Sharing video recordings of class lectures on the Web is easy: record video, upload to Web. Why is there a need to do it through iTunes? AFAIK, iTunesU is just a way for Apple to try to get campus lock-in. I know this sounds kind of rant-ish, but I'm being 100% serious and honest.
My school started using iTunesU, which didn't seem to have any advantages over just putting video online, except that I couldn't use it, since I can't run iTunes on my computer (Linux).
I'd honestly like to know what benefits iTunesU has for anyone besides Apple and Microsoft, in the sense that if it became truly widespread, it would prevent any widespread movement to adopt Linux on campus.
I see your point about not having access to the iTunes content on Linux. Fair point that should be addressed.
That said, I'm a big fan of iTunesU. I like the ability to download courses on my iOS devices and listening to the lectures on trains or at the gym. Also, they must save a lot on bandwidth by letting people download the videos (I go through the lectures a couple of times at least).
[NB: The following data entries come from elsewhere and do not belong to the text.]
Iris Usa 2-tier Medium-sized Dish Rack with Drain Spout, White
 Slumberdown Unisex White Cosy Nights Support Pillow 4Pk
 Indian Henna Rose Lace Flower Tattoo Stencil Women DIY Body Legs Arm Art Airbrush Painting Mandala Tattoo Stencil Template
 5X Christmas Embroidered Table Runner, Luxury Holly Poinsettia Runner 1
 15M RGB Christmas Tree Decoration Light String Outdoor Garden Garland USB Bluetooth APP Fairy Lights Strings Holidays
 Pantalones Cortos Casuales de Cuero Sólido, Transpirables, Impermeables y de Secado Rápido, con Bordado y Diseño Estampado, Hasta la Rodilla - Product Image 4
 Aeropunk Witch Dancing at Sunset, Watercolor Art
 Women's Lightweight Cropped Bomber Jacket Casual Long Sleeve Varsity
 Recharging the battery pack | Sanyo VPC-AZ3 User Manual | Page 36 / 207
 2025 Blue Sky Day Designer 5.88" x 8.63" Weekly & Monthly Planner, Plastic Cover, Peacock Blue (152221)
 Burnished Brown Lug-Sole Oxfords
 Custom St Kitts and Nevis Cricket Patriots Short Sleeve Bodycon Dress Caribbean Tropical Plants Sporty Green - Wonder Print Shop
You are saying this as if you cannot download videos and view them on an iOS device from any other source. I believe it is possible to just download a video and start watching. How does the iTunes software help to make that process better? Also many people do not have an iOS product.
Well, guess we should all go buy iOS devices, so we can have a great one-click experience watching lectures produced by public universities that are paid for by taxpayer dollars and ought to be freely accessible.
(Sorry if I'm rubbing it in too hard, you've been very gracious in this discussion.)
While I agree that iTunes is a very cumbersome piece of software and it is more difficult to use on Linux, the amalgamation of educational videos is the big step forward. The technology has been around, like you said, for a long time to post videos online - but what good is it if those videos are hosted on a thousand different websites? iTunes U aggregates them all into a platform that can easily be searched, as well as enforcing a minimum level of quality in order to provide a higher quality learning experience. Is Apple truly that magnanimous? Probably not. But it's an ad-hominem fallacy to dismiss the quality of iTunesU on the basis of it's creator.
While I agree that iTunes is a very cumbersome piece of software
That's not what I said.
and it is more difficult to use on Linux
That's a sloppy way to put it. AFAIK, there is no Linux port of iTunes. It may be possible to use with virtualization, but that's beside the point.
The technology has been around, like you said, for a long time to post videos online - but what good is it if those videos are hosted on a thousand different websites? iTunes U aggregates them all into a platform that can easily be searched, as well as enforcing a minimum level of quality in order to provide a higher quality learning experience
I wasn't aware that iTunesU aggregated videos other than those from the particular university at which you are a student. That's how it was billed at my school. Still, if it does do so, it's a strage way to go about it. The same thing could be accomplished in a much more accessible way with a YouTube clone for educational videos.
Is Apple truly that magnanimous? Probably not. But it's an ad-hominem fallacy to dismiss the quality of iTunesU on the basis of it's creator.
Right, which I didn't do. In fact, quite the other way around. I have great respect and admiration for Apple and Steve Jobs. That respect went down a bit when I realized that (and here's my real point):
There is no business case for Apple to have iTunesU except to block Linux from getting a foothold on university campuses.
Now, maybe that statement is too strong. I would be delighted if someone could prove it to be wrong.
Now, just to be clear, I don't think there's anything morally or legally wrong with acting to block your competition. But still, I'd rather see Apple selling great products that people love, which is what they normally do, rather than giving away products with the sole (apparent) intention of blocking the spread of other great things (Linux).